After the Loma Prieta earthquake of 1989, the California Department of State Parks undertook a survey of all unreinforced adobe buildings in the state to determine their vulnerability to further quake damage. It took the better part of 12 years, but when it was time to re-do the Castro-Breen Adobe, in early 2003, State Parks hired an outfit called the Sibbett Group of San Francisco to come up with an interpretative plan for the concept and details for the new and improved Castro-Breen Adobe.
The company offered a Disneyesque wonder world of “edutainment.” In the entry hall that introduces the General Castro’s tack room, an electric-powered horse puppet was to have poked her head inside the room looking for food. When visitors stroked her nose, she was to let out a friendly whinny.
Children were to be able to touch and interact with objects, such as wooden crates of new home furnishings that were to represent the joyous moment when John Breen returned rich from the Mother Lode and secured the family fortune.

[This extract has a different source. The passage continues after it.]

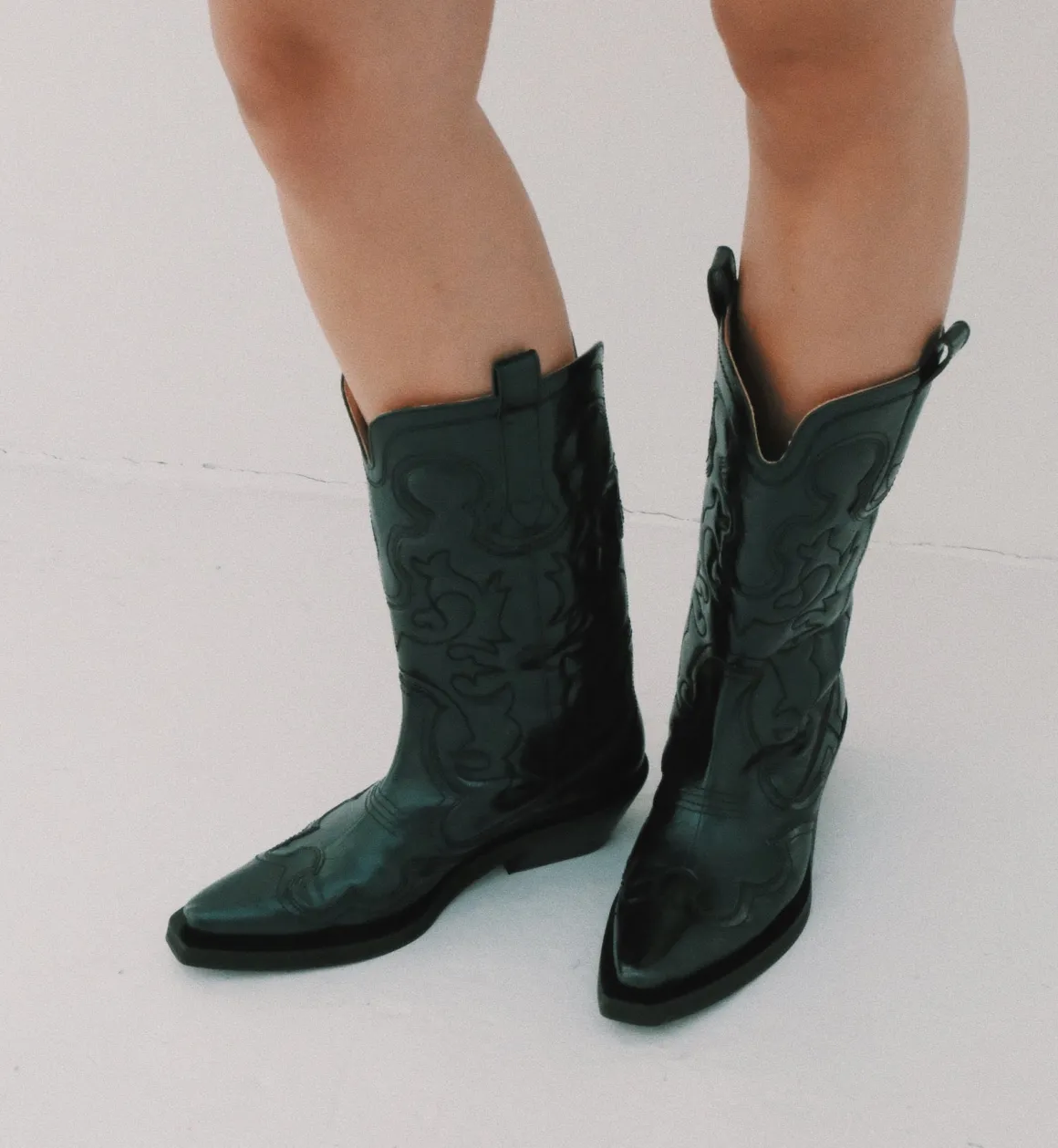 GANNI Accessories | Mid Shaft Western Metallic Boots Green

Motion sensors would activate a “mischievous” rooster atop one of the crates, that would flap its wings and make noise when visitors walked by.
In another room, Don Jose Castro’s office was to feature a life-sized cut-out of the governor, a model dog guarding his desk, and sounds of creaky footsteps would be heard, again through motion sensors.

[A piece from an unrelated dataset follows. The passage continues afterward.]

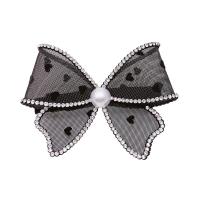 Gauze Bowkont Hair Clip with Plastic Pearl Bowknot & for woman & with rhinestone 80mm Sold By PC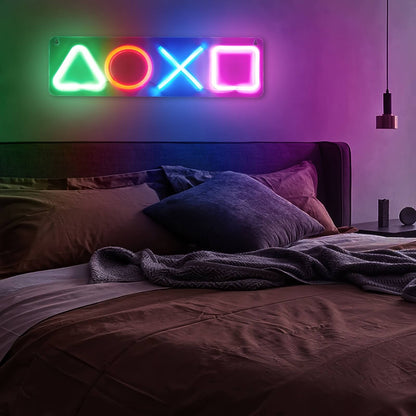 Neon Playstation Buttons Sign Light-Luxandluxy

Such an ambitious plan for the famous adobe would have undoubtedly delighted the 60,000 school children that visit the adobe on field trips every year. But when the town’s historical purists got wind of the plan, they raised a collective protest so loud, State Park officials scrapped the concept with little discussion and went back to the drawing board.

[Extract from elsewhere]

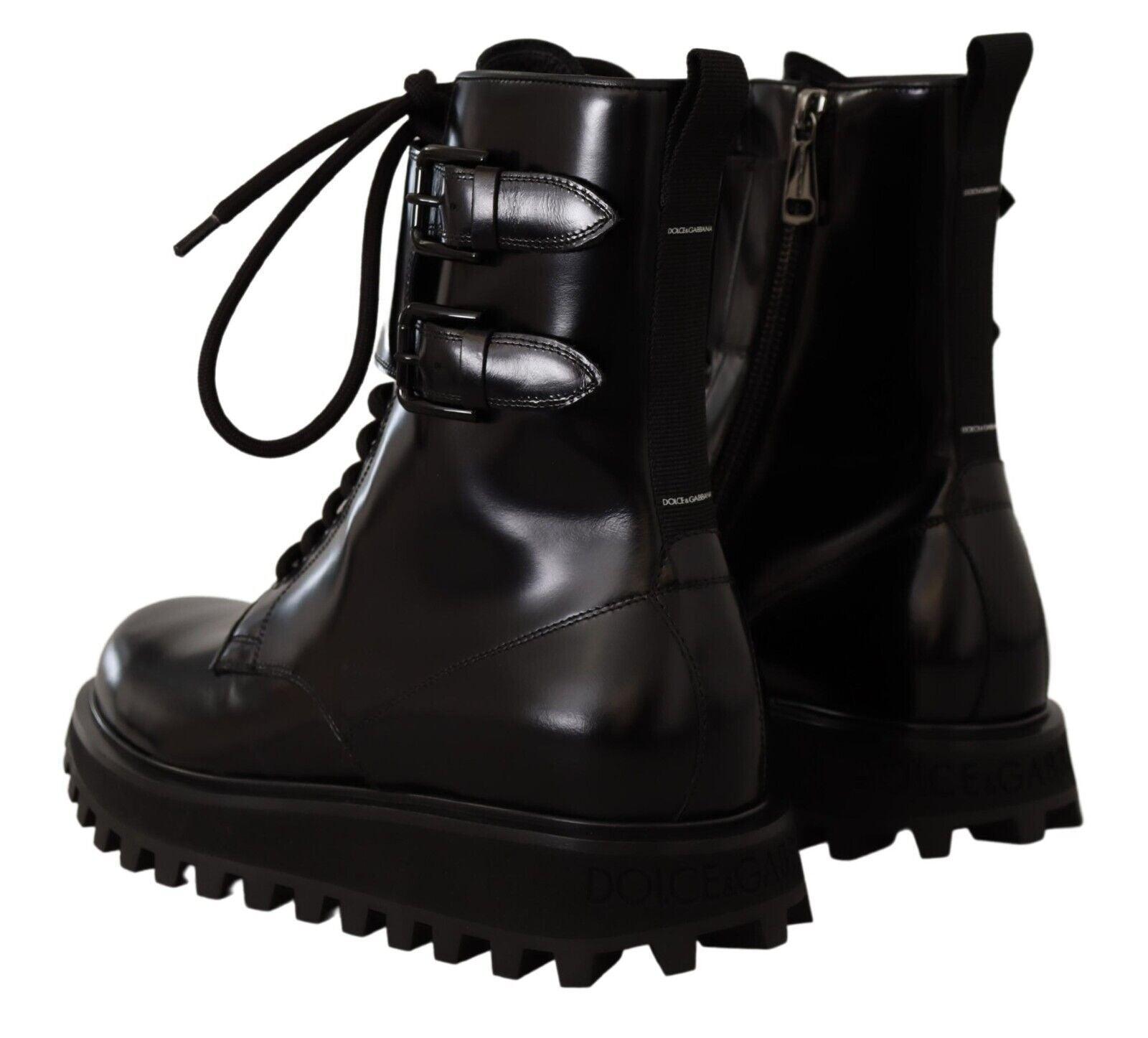 Dolce & Gabbana Elegant Black Leather Ankle Boots - Arichezz.store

Compromise maintains integrity
In the end, the restored and redone adobe features no flapping roosters, no frisky horses or creaky footsteps. Instead, large cut-outs depicting the Breen ancestors, the Castros and notable Native Americans of the area tell the tale in a much quieter way. There are some interactive displays: a video in Spanish and English inducts visitors to the adobe at the entrance, and a large waist-high relief map of the area shows Native American trade routes of the area in relation to other Central Coast outposts at the time. Children can flip through a large cartoon-like diary John Breen kept as a youth, and the words are accurate.
Throughout the first floor, educational panels explain the history of the home and its importance to California legacy. The fact is, visitors come away actually learning and retaining much more about the Castro-Breen Adobe than they would tripping motion sensors.
Interpretive specialist Clark-Gray said she gave a trial run to a group of fourth-graders, and they were thrilled.
“We know these displays are really catching their attention,” she said.
The second floor was left much as it was, in the house museum style the adobe offered for 40 years. Three bedrooms depict different periods in the home’s heyday, and the old artifacts – an ancient sewing machine, period clothes, pitchers and candle holders – are there for those who liked the adobe as it was before.
Much of the money for the project can’t be seen because it was spent on the seismic retrofitting, and since the specialists were dealing with an old adobe historical landmark, the work required painstaking care. More money was required for a fire suppression system and for the special track lighting needed for the displays.
Much of the design work was done by Don Amos, exhibit coordinator for California State Parks. Artwork for all the background and figures was done by David Rickman, one of the country’s foremost historic illustrators.
“It represents one of my best efforts, and I think – humbly, of course – that it’s one of, if not the best exhibits we have in State Parks,” Amos said in a fact sheet about the project. “I am truly honored to have been a part of it, and I can not praise all the people who worked on it enough.”
A private reception is planned, by invitation only, on March 10. On March 11, the Castro-Breen Adobe will be officially open to the public once again.